Mas como é bom ler outra consideração (romântica, psicologizada e belíssima!) de Antônio sobre o desastre (vivenciado no sumiço de Marie-Ange de sua vida): “o desastre, Marie-Ange, nada mais é do que o ponto de interseção entre duas esperas, a ligação e a ruptura entre elas. Primeiro, esperamos o desastre acontecer. Depois, esperamos que ele nunca tenha acontecido, que o tempo presente vá engolir o passado e fazer com que tudo seja como antes, ou que o futuro chegue logo e, com ele, o esquecimento.” Outra bola dentro, Tatiana! Aliás, como várias outras digressões sobre o tempo e as diferentes temporalidades que habitam a vida. Esse, em minha opinião, é o ponto alto do livro, o que me fez gostar de ler as pouco mais de duas centenas de páginas que o compõem.
E olha que nessas páginas muita coisa pode ir embora sem fazer falta... Quantas vezes o ritmo do livro fica arrastaaaado, preso em divagações que servem mais para encher lingüiça do que para contribuir para a trama (geralmente dotadas do exato tom romântico a que me referi acima). Além disso, as duas partes do livro, que deveriam constituir totalidades separadas, são desiguais: a segunda parece correr atrás da primeira. A narrativa de Antônio procura responder à narrativa de Joana, ainda que não haja contato direto entre as duas e que ambas se façam em primeira pessoa, o que revela um erro de cálculo da autora ou falta de fôlego.

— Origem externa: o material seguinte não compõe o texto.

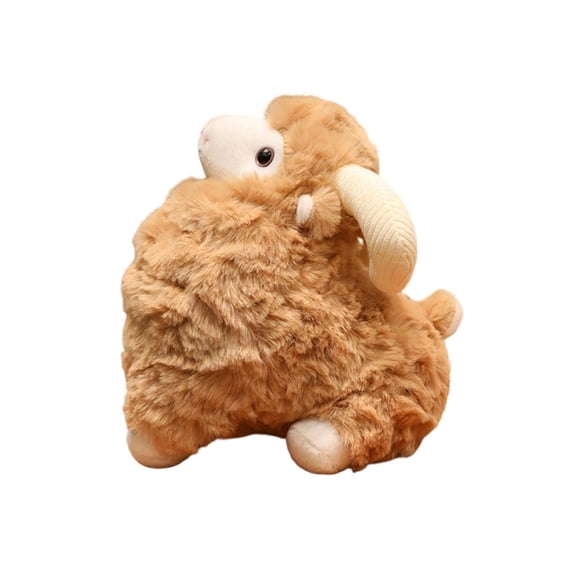 Adorable Lamb Toy Soft Cuddly Stuffed Animal Companion For Kids Bedtime Nursery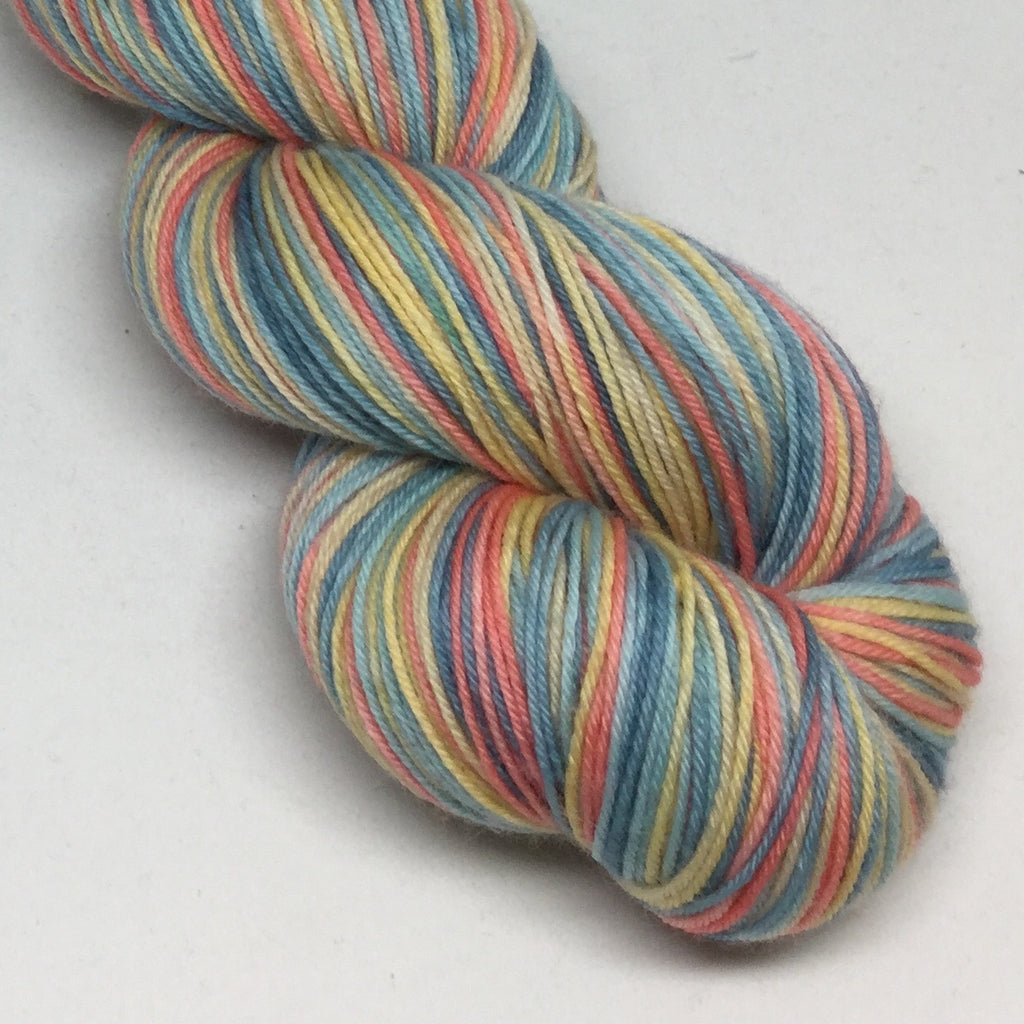 James' Pods Five Stripe Self Striping Yarn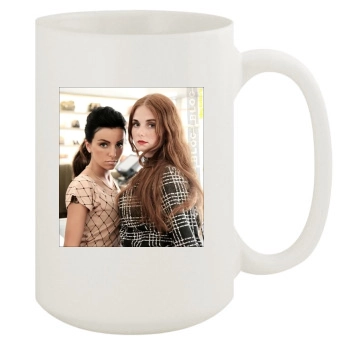 TATU 15oz White Mug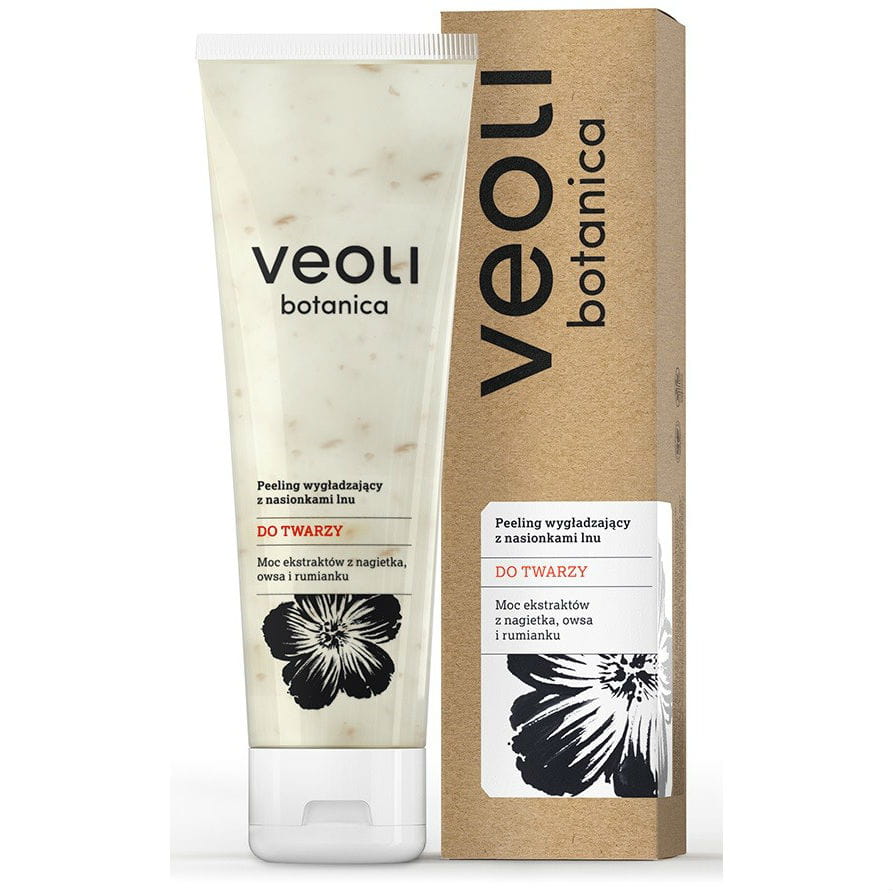Peeling lissant aux graines de lin 75 ml - VEOLI BOTANICA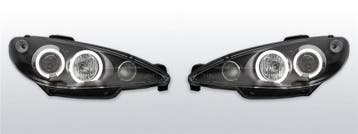 Carnamics Koplampen | Peugeot 206 02-09 3-d / 206 02-09 5-d, Verzenden, Nieuw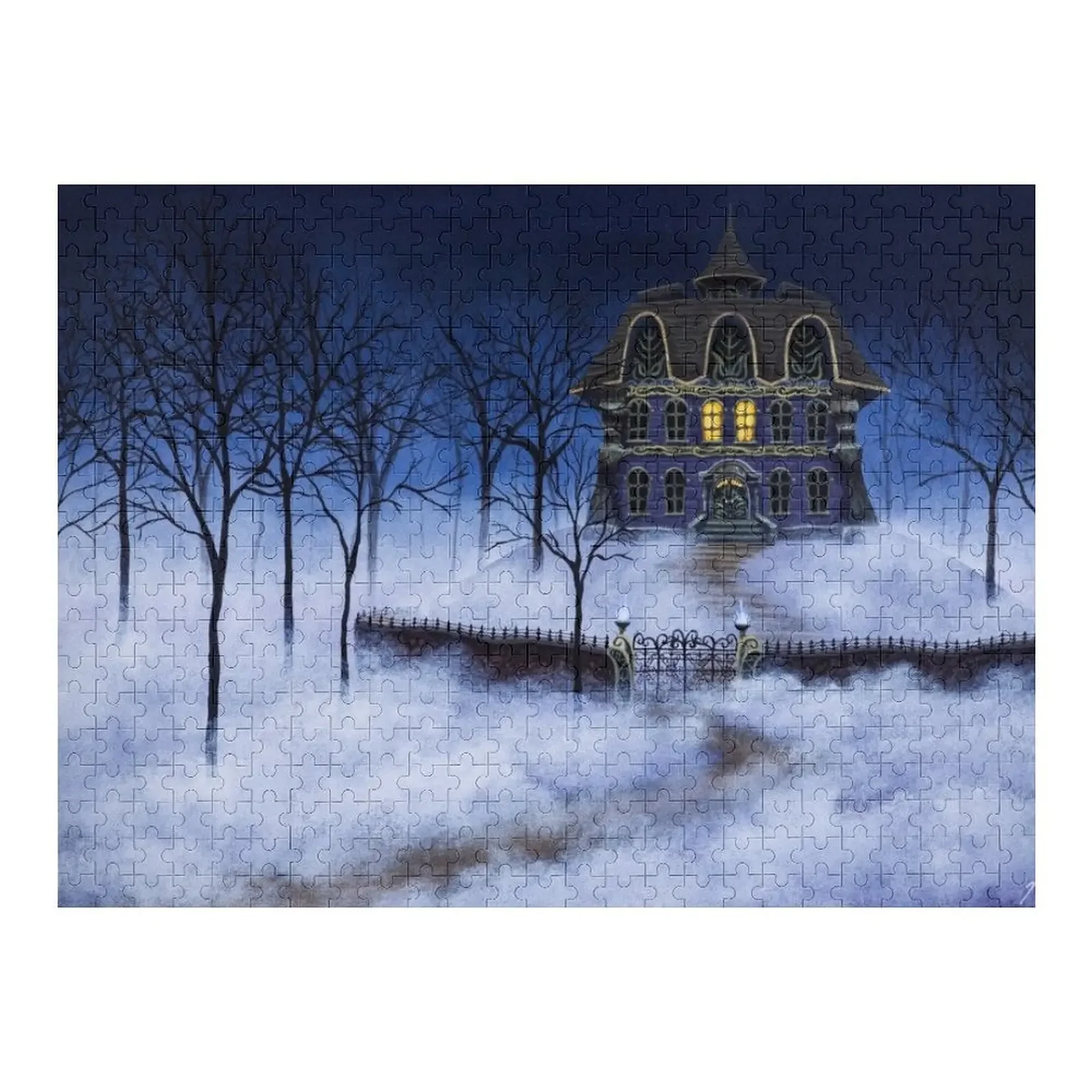 

The Mansion Jigsaw Puzzle Toys For Children Personalised Toys Puzzle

No mais... E a Marie-Ange? O que é ela exatamente? Uma aparição fruto do subconsciente de Joana e Antônio para que suas vidas interrompessem seus fluxos “naturais” e se voltassem à reflexão de um passado nada resolvido? Um ser sobrenatural ou mítico com o dom inspirar, subitamente, novas aspirações e desejos em quem a conhece (e de sumir, sem explicações, logo depois de ter cumprido sua missão)? Quem é Marie-Ange? Em um livro muito psicologizado, nada menos explorado do que essa personagem crucial, tão pouco convincente quanto a paixão arrebatadora que a envolve aos dois irmãos, fazendo-os abandonar seus mundos – nada cômodos, diga-se de passagem – para segui-la.

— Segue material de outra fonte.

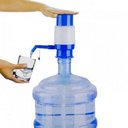 Ver imagem 2 de Bomba Água Mineral Adaptador Manual Bombear Torneira Galão Sifão Válvula Dispenser Encaixe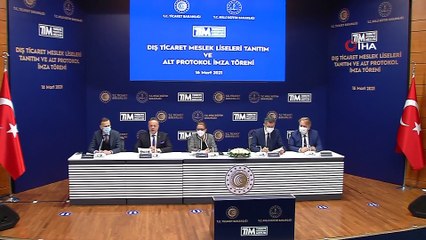 Bu protokol gençlere dış ticaret alanında yeni kapılar açacak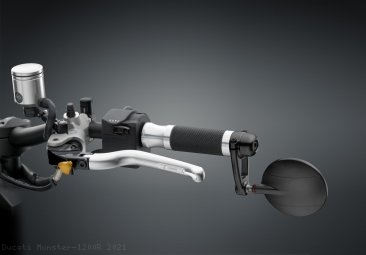Rizoma SPY-ARM 94 Bar End Mirror Ducati / Monster 1200R / 2021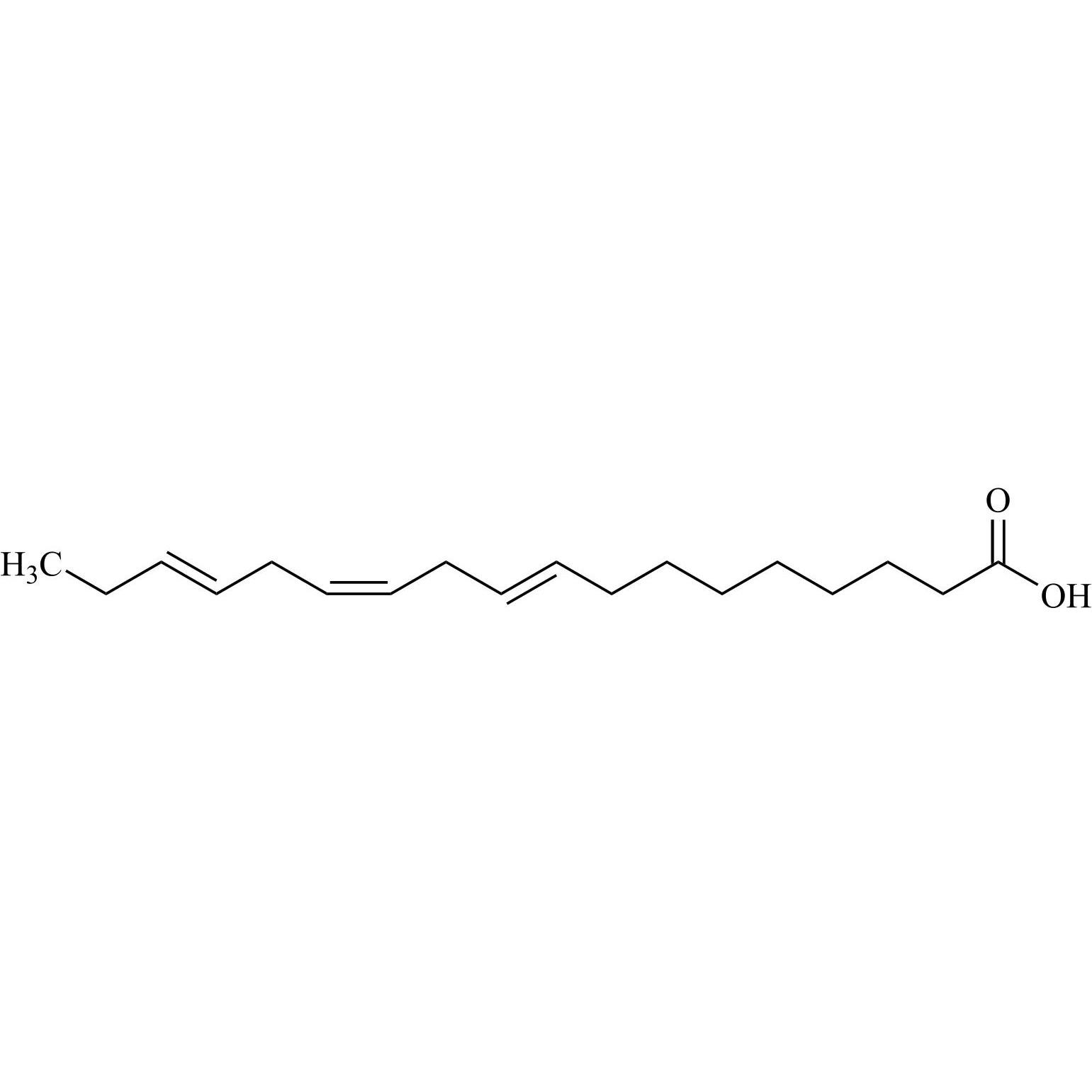Picture of (9E,12Z,15E)-Octadecatrienoic Acid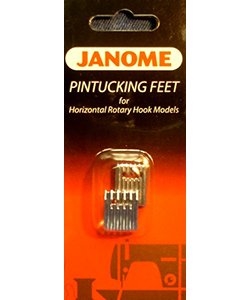 Janome Pintucking Feet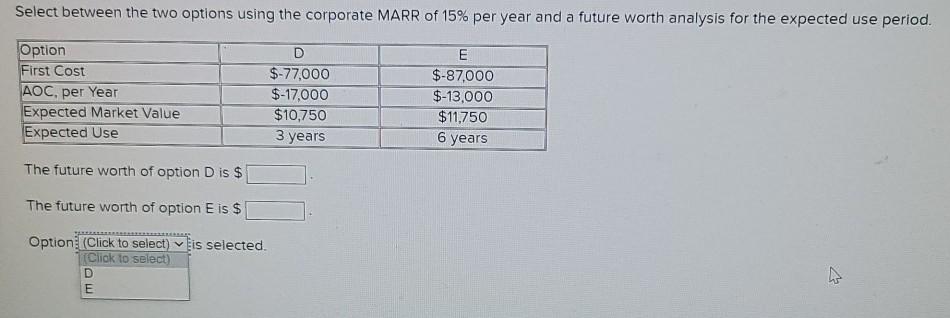 Solved Select Between The Two Options Using The Corporate Chegg Com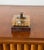 Brown Mid-20th Century Lucite Table Lighter, Italy 1970s For Sale - Image 8 of 8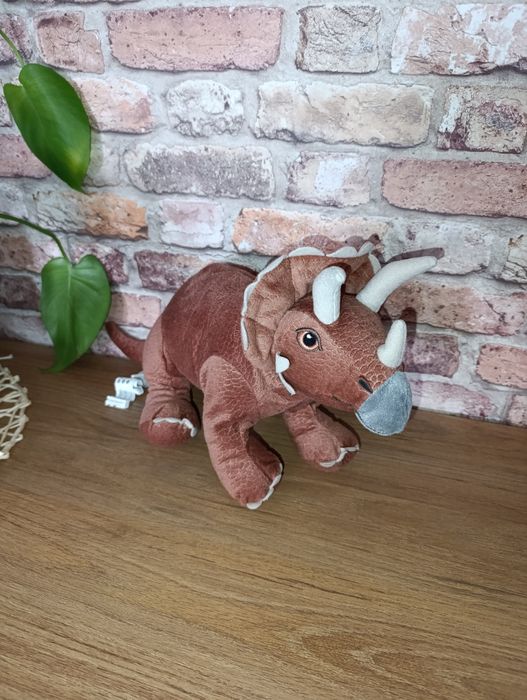 JATTELIK IKEA maskotka dinozaur triceratops, 46 cm pluszak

Marie-Ange parece, mais do que tudo, uma personagem alegórica, e como tal tem o seu valor (algo como o grilo falante de Pinóquio, em uma versão sensual e voraz). Aliás, alegórico é todo o livro! Escusando-lhe o romantismo um tanto tolo (invadindo uma narrativa tão próxima às inquietações da contemporaneidade) e as vezes em que a autora perde as rédeas da história, Dois rios, como parábola épica, rola, e rola bem. Belo e esperançoso relato sobre vidas separadas por silêncios partilhados.